The premature death of former president Néstor Kirchner is a great loss not only for Argentina, but for the entire international community. Kirchner was a friend of the United Nations and a national and international leader who firmly believed in true multilateralism.
A long and distinguished career in public service, which included being intendent of his home town Río Gallegos and governor of Santa Cruz, prepared him well for the challenges he would face early into his presidency. From 2003 to 2007, he boldly tackled the effects of the deepest financial and economic crisis in Argentina's history and was able to put the economy in motion again, reestablishing economic growth and lifting millions of people above the poverty line.
His decisive leadership during that time of economic and social crisis led him to adopt innovative measures that allowed for a quick and sustained recovery. In doing so, he paved the way for the fundamental reforms that years later would hold international financial institutions responsible for the financial difficulties of mid-income countries. By making the voice of the global South heard, Kirchner made a lasting contribution to multilateralism.
Speaking before the United Nations General Assembly in 2007, then president Kirchner said: "Argentina will be present in multilateral instances, promoting more fair and democratic rules in decision-making. Multilateralism is the most effective weapon against hunger, poverty, exclusion and environmental degradation".

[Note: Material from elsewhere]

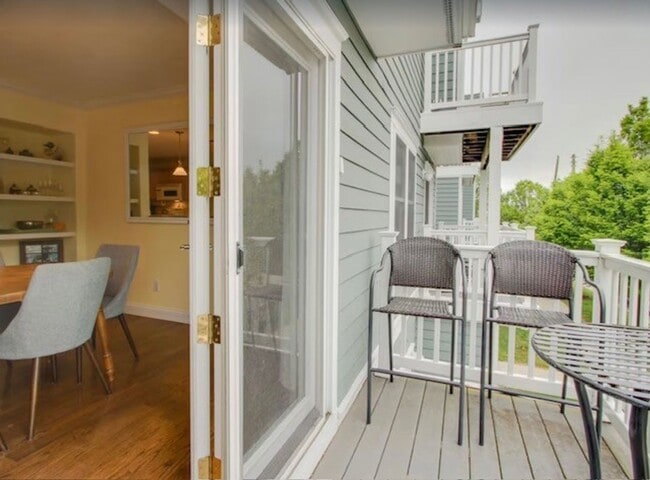 Building Photo - Move In Ready Winter Retreat in Downtown T...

Last month in New York, United Nations Secretary-General Ban Ki-moon had the honour of receiving Kirchner with President Cristina Fernández in the context of the General Assembly.
It was the occasion to congratulate Argentina for its presidency of the Group of 77 (G-77) and China and for Néstor Kirchner's leadership in Unasur. At a time in which new economic and decision-making models are needed, Argentina, and particularly President Fernández, have much to offer as leader of the G-77, as a member of the G-20 and of the Latin American region in general.
President Fernández deserves much of the credit for all of this and the Economic Commission for Latin America and the Caribbean will be by her side to help her.